Women in House is a unique initiative at Brock University which aims to increase female engagement and representation in politics.
Women in House takes Brock students to Ottawa to shadow a female MP throughout her day. 13 students will attend this two-day conference that will take place in Ottawa from February 5 to 7 and gives students first-hand experience and face-to-face contact with women who live life on Parliament Hill.
“We are looking to bring even more students on this trip than last year, and we so appreciate Brock University and the community supporting our initiative,” said Victoria Goertz, a member of Women In House.
In order to help fund this trip, they have partnered with Boston Pizza to host a dinner fundraiser event on Wednesday January 15 from 5:00 p.m. – 8:00 p.m. Tickets are $20 and include a non-alcoholic beverage, salad and personal pizza, with half of the cost going directly to the cause.

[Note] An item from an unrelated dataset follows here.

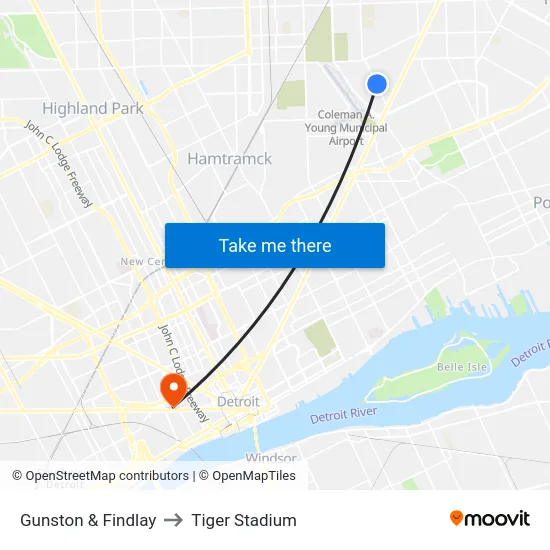 Gunston & Findlay to Tiger Stadium map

There is increasing realization around the world that more women need to be included in politics since the Beijing Plan of Action was adopted at the Fourth World Conference on Women.
The Inter-Parliamentary Union (IPU), which has been engaged in research regarding women in politics, made a statement that, “The concept of democracy will only achieve true and dynamic significance when political policies and national legislation are decided jointly by men and women with equitable regard for the interests and aptitudes of both halves of the population.”
The recent election here in Canada saw the most female Members of Parliament elected to the House of Commons in Canadian history. For the Liberal party, women accounted for 33 per cent of the party’s seats, the Conservatives have 18 per cent women, while the NDP and Bloc both tied for having the highest percentage of women in a federal party caucus at 37.5 per cent. The Green Party, while not formally recognized in the House, elected three members in the last election, two of which were women.
Women’s participation in politics makes a difference. Women bring different views, talents and perspectives to politics which help shape the political agenda. Changes in how parliaments operate reflect the positive impact of the presence of women, such as an improvement in the language and behaviour in parliaments; a different prioritization of issues and policies; gender sensitivity in all aspects of governing, including budgeting and the introduction of new legislation and changes to existing laws.